Caption-style text data:
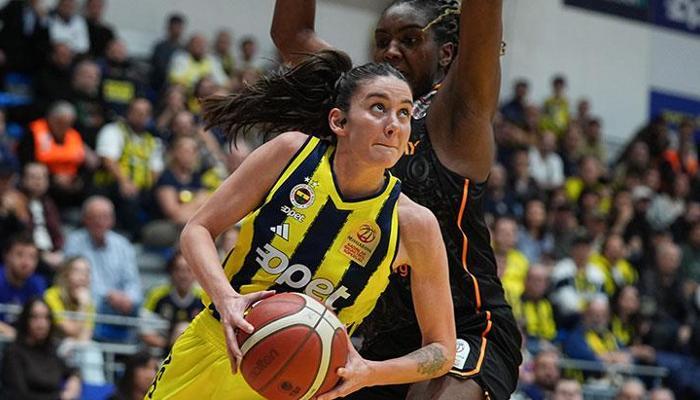Fenerbahçe Opet namağlup şampiyonluğa koşuyor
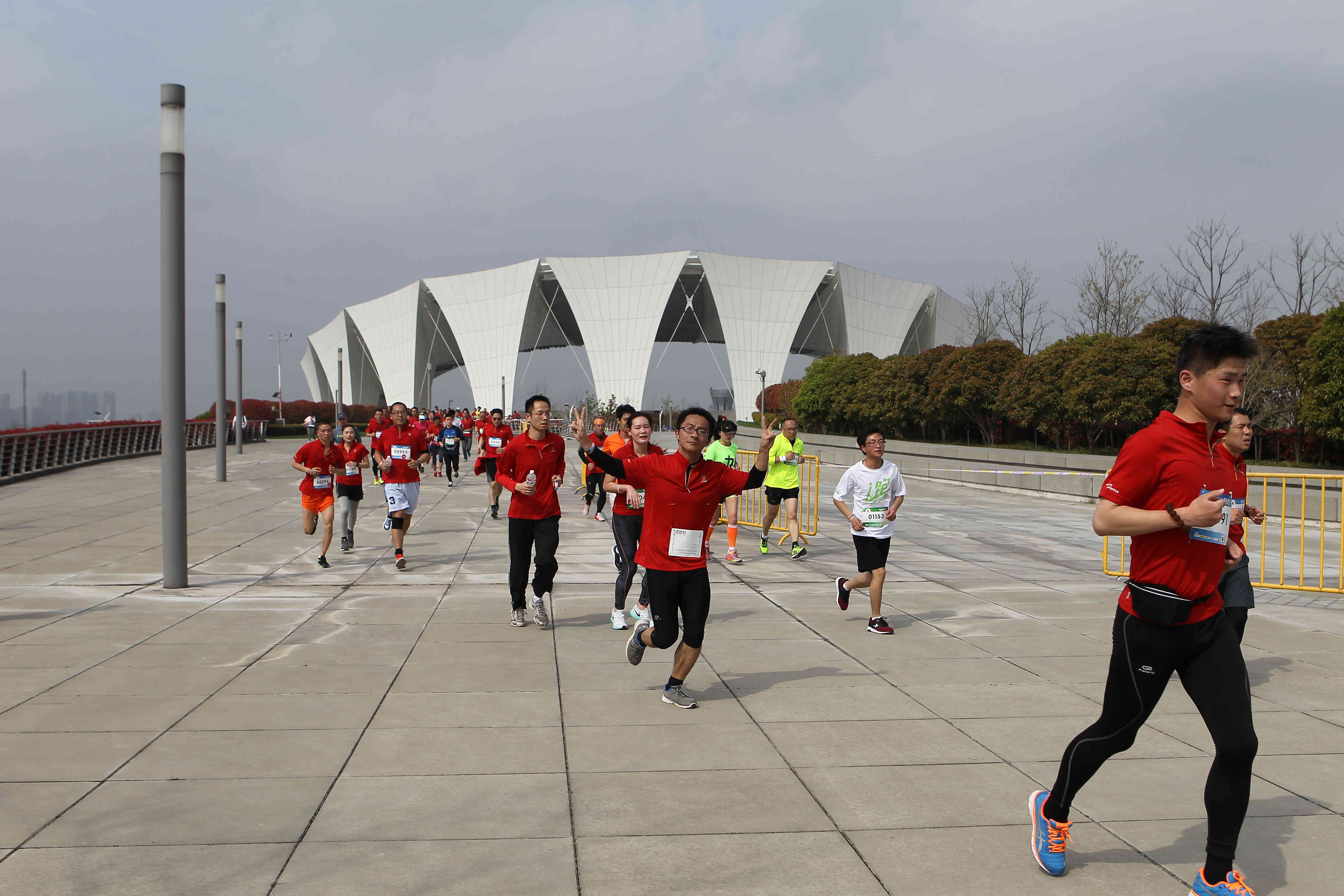 欢乐跑中国上海开跑 580跑友欢乐颂中成英雄第13张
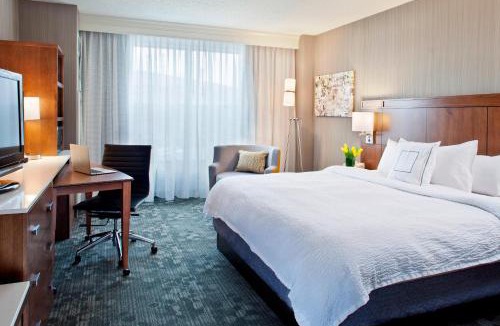 Pueblo Hotel | Courtyard by Marriott Pueblo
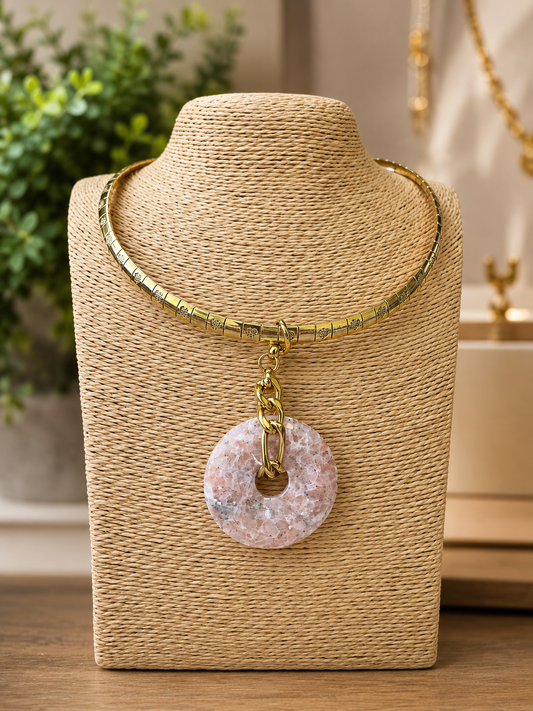 Collar de acero dorado y piedra Rodonita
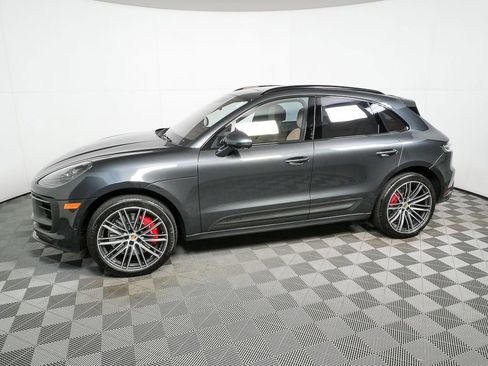 Certified 2025 Porsche Macan GTS image 2
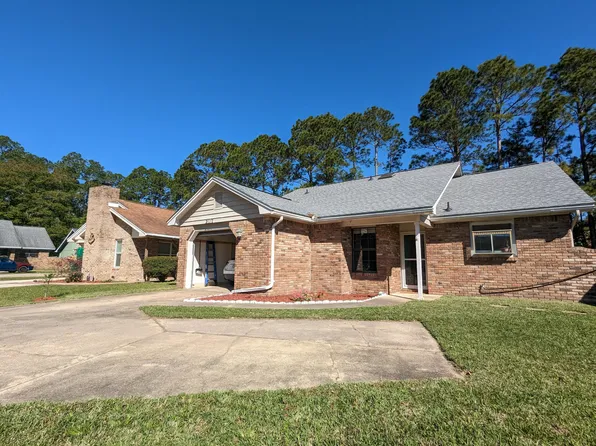 2113 Wilderness Path, Fort Walton Beach, FL 32547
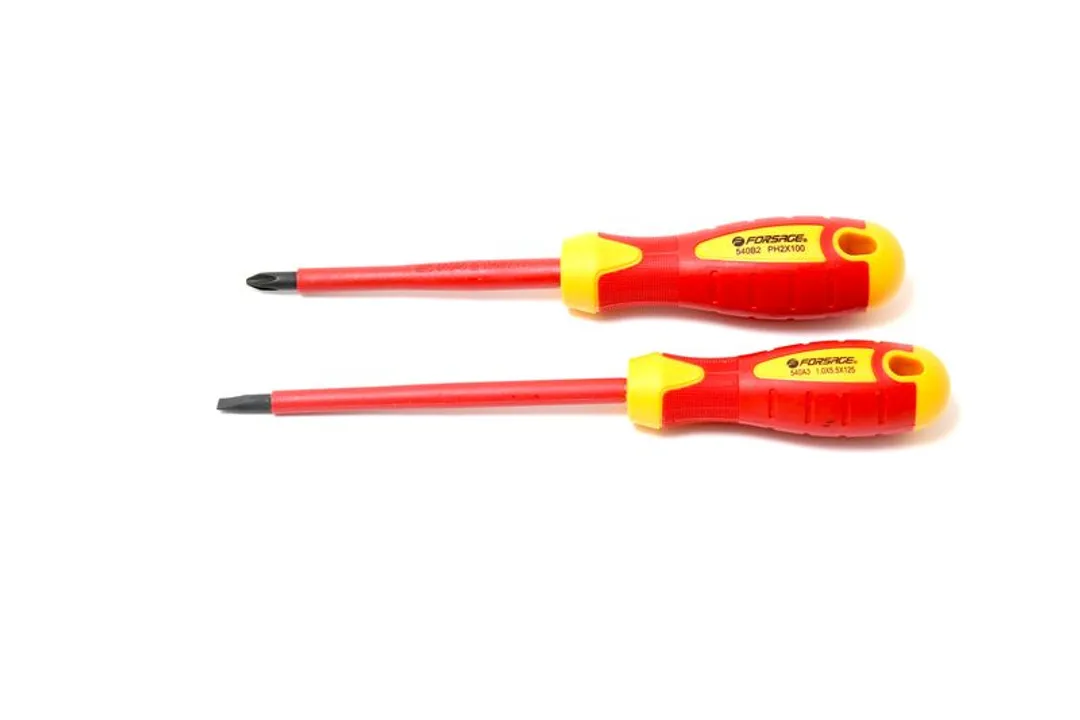 Набор отверток диэлектрических 2 пр. CrV6150 Forsage F-2028DE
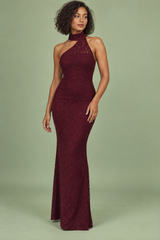 Vestido largo de encaje rojo oscuro con espalda descubierta asimétrica y abertura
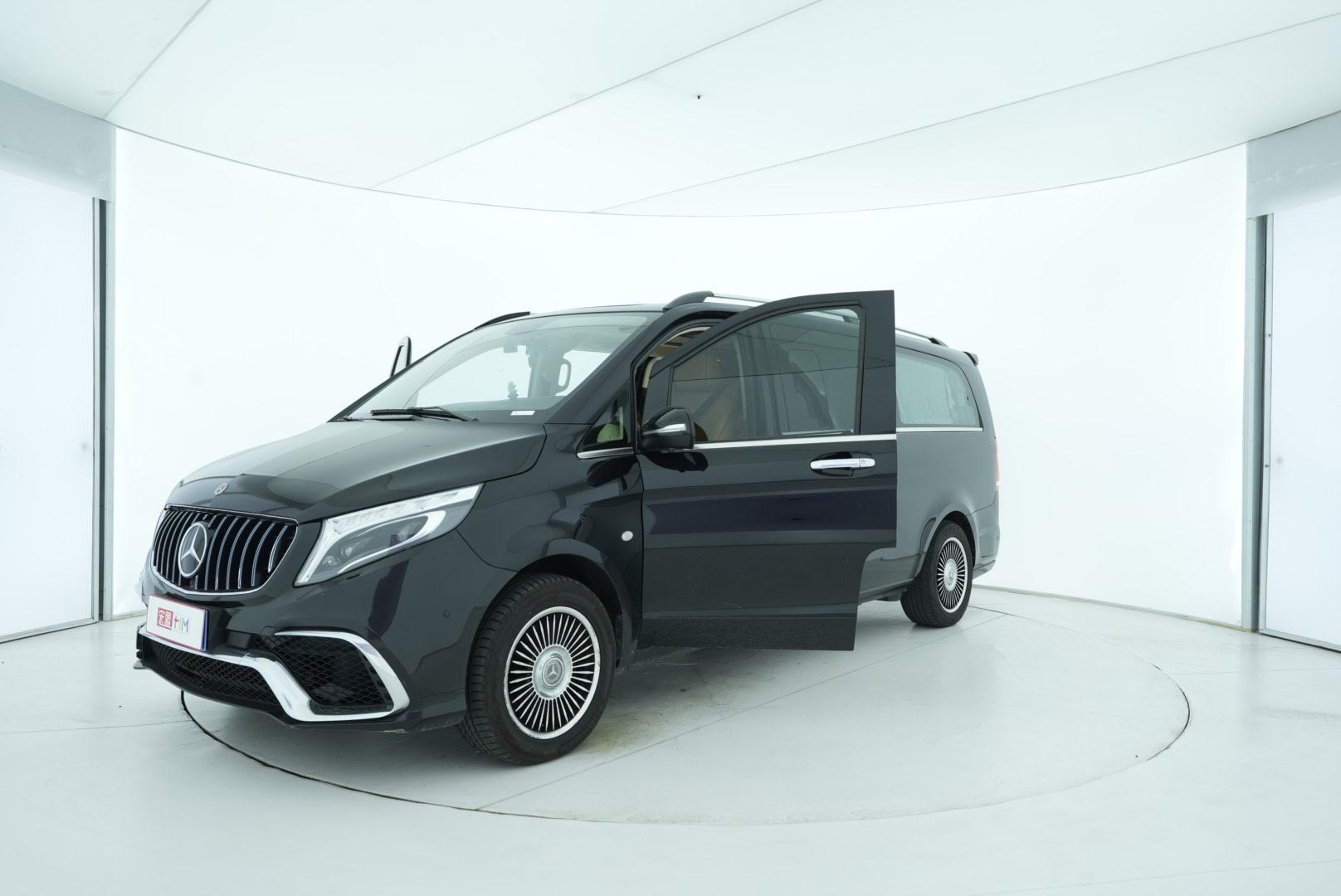 Mercedes Benz V-Class 2020 — фото 11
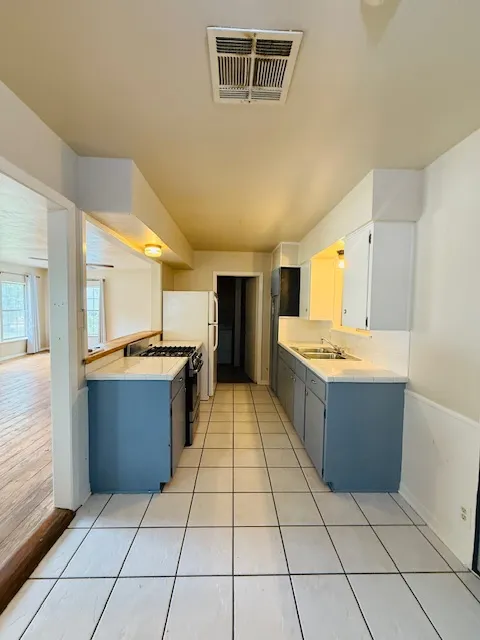 2705 Sherwood Lane Austin, TX 78704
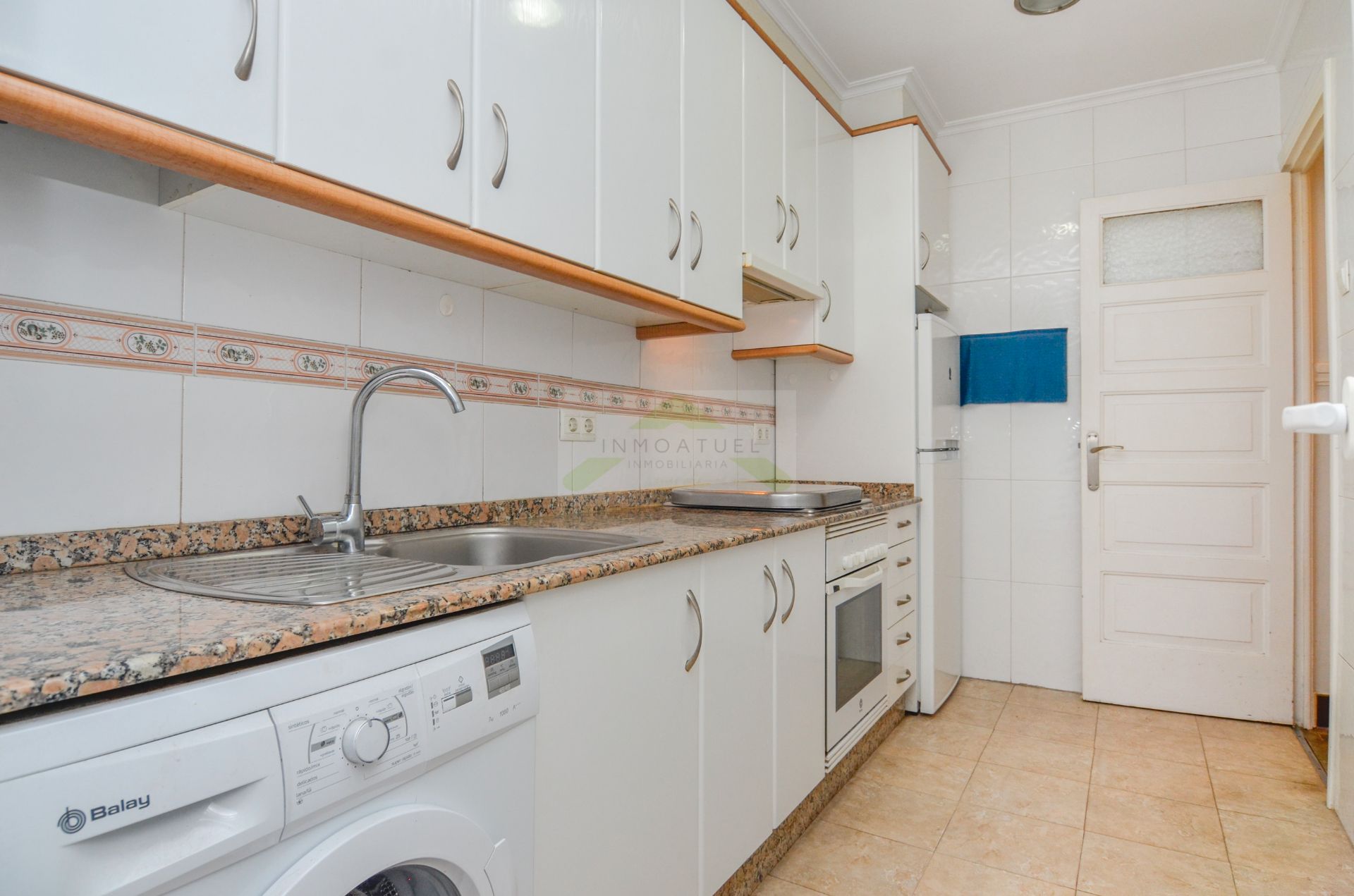 Kitchen of Flat to rent in A Coruña Capital   with Storage room, Oven and Washing machine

## WORK TO COMPLETE
All lines from the one containing "2705 Sherwood Lane Austin, TX 78704" to the last line of the records above, both included, need to be repeated word for word; omit the pictures.

## EXPECTED ANSWER
 2705 Sherwood Lane Austin, TX 78704
 Kitchen of Flat to rent in A Coruña Capital   with Storage room, Oven and Washing machine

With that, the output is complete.